# Registration Certificate - EHIC use?



## KarenandNick (Mar 4, 2020)

Hi Folks - First post. We are from the UK and looking to move and live in Crete once able to this year, certainly for 6 months or so, maybe longer, so will be renting a property. Have done some research on residency requirements (beige card/registration certificate) and will look to get Tax number and local bank account. Won't be working initially, but have sufficient resources/funds to live on for the period. My question lies around the health insurance requirement. Am not pension age, therefore not eligible for S1 and have read some posts where people have used the EHIC for this purpose, which backs up the information on the official EU website where is states this is an acceptable document. Has the EHIC been accepted when presented for registration cert - appreciate this may all change post Dec 20 however.
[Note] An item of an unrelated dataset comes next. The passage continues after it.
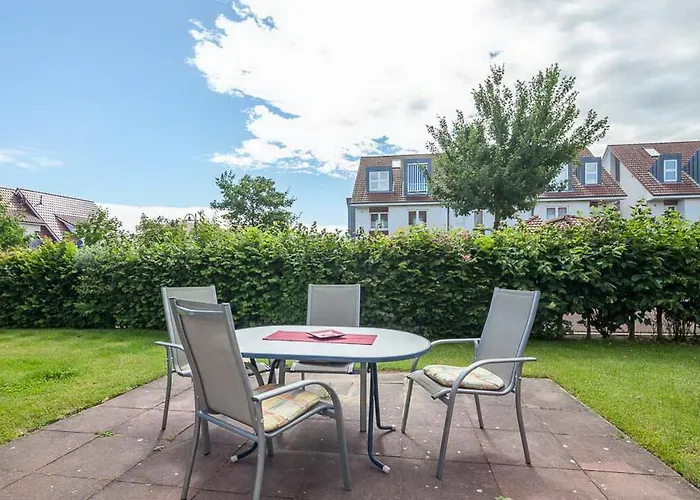 Suennslag 054 Lägenhet Boltenhagen (Ostseebad)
Very grateful for any feedback on use of EHIC for obtaining registration certificate, as opposed to private (and expensive) health insurance. Thanks in advance.


----------



## Catalunya22 (Apr 25, 2020)

I would assume the EHIC will be of no use to you in helping to get residency. UK EHIC cards will not be valid after the end December in the EU.


----------



## Jolly Roger (Dec 4, 2011)

The EHIC is required to apply for a Residents Permit, at least in Kefalonia and also Crete I would imagine. Bear in mind that it is only for emergency use, so you still need health insurance, or prepared to pay privately. We still hope that Greek and UK Governments will agree reciprocal arrangements to apply after 31st December.


----------